Mario G. Racco (born May 13, 1955) is a politician in Ontario, Canada currently serving as a Local and Regional Councillor in the City of Vaughan since November 15, 2022. He was an Ontario Liberal Party member of the Legislative Assembly of Ontario from 2003 to 2007 who represented the Greater Toronto Area riding of Thornhill.

==Background==
Racco has a diploma in Accounting and Finance from Ryerson Polytechnical Institute (1977) and York University. He also received a Bachelor of Business degree from York University in 1981. Racco practiced with the Chartered Accountant firms of Thorne Riddell and Dunwoody Chartered Accountants. On December 12, 2012, Racco became a member of the Law Society of Ontario.

In 2013, ‘Racco Parkway’ in Thornhill was named after him for his dedication and public service to the city.

He is married to Sandra Yeung Racco, a former city Councillor in the city of Vaughan for Ward 4 (formerly held by her husband for 6 terms). They have two children, Alexander and Katrina.

==Politics==
Racco was elected to the city council of Vaughan, Ontario in 1982, after a recount proved that there were missing uncounted ballots. In 1985, Racco ran for regional councillor and was defeated. Racco would run again for his previous seat of Ward 4 in 1989 and successfully reclaimed it, retaining this position until his election to the Ontario legislature.

He ran for the federal Liberal nomination in Markham—Whitchurch—Stouffville in 1993, but lost to Jag Bhaduria.

In the 2003 provincial election, Racco defeated Susan Kadis for the Liberal nomination in Thornhill and ran against Tina Molinari, an incumbent from the Progressive Conservatives. Denominational education was a leading issue in this campaign, with Molinari supporting the extension of tax credits for religious education and Racco opposing it; some members of Thornhill's Orthodox Jewish community supported Molinari because of this issue. Racco eventually won by 796 votes. On March 6, 2006, he was appointed as Parliamentary Assistant to the Minister of Labour.

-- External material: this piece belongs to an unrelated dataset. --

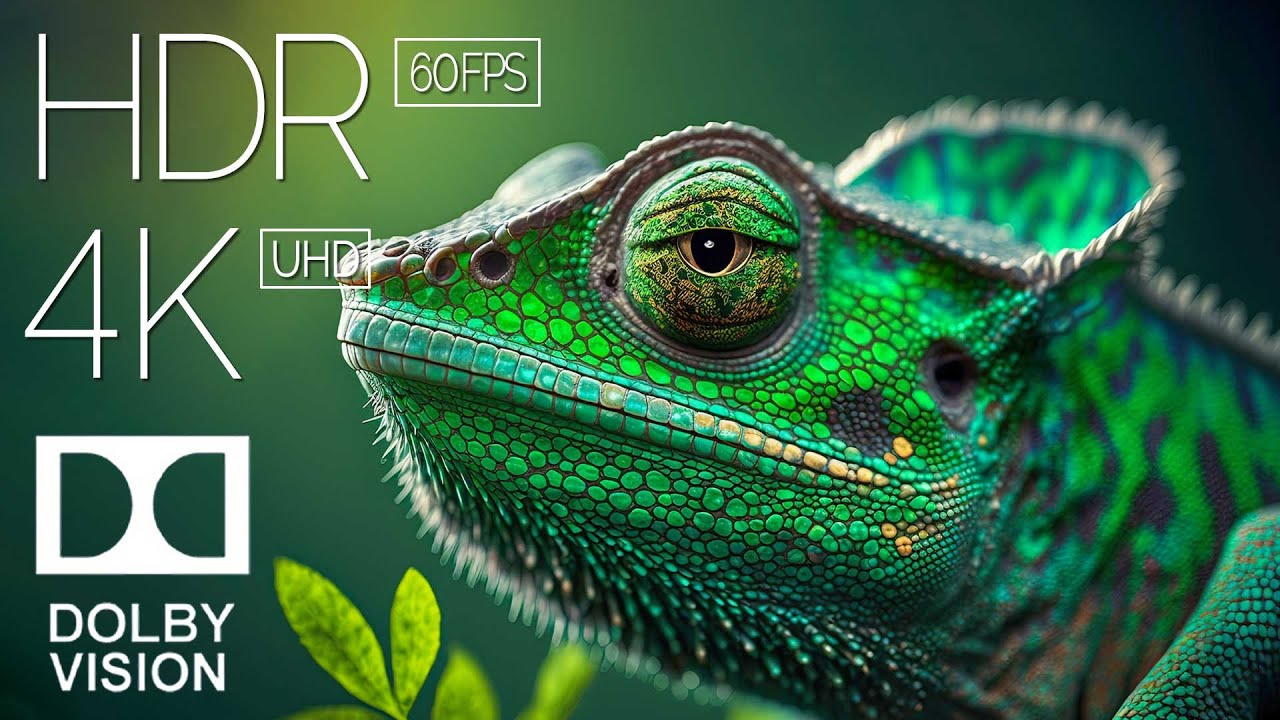 4K HDR 120fps Dolby Vision with Animal Sounds (Colorfully Dynamic) #2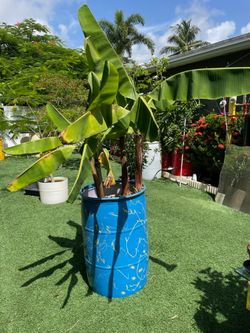 Banana Tree For Sale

Racco was a leading supporter of allowing municipalities to use red light camera technology for safety purposes. In 2004, he was the driving force behind the construction of a new statue of Pierre Trudeau in Vaughan.

During the provincial election of 2007, Racco was defeated by Progressive Conservative candidate Peter Shurman. In one of the most hotly contested races in the province, Shurman came out with 1,733 votes more than Racco.

In 2010, Racco ran for Mayor of Vaughan against incumbent Mayor Linda Jackson and former MP Maurizio Bevilacqua. Racco would lose coming in third, 35 votes behind incumbent Mayor Linda Jackson for second place (0.1%).

In a 2013 by-election and the 2014 Ontario general election, Racco's wife, Sandra Yeung Racco ran for the Ontario Liberal Party in Thornhill but was defeated both times by Gila Martow.

In 2015 Racco planned to seek the federal liberal nomination in the riding of King-Vaughan, but would withdraw with complaints about the nomination process, after the deadline for the race was called without warning and much earlier than previously planned.

Return to Politics

On October 24, 2022, Racco was elected as one of four Local and Regional Councillors in the City of Vaughan.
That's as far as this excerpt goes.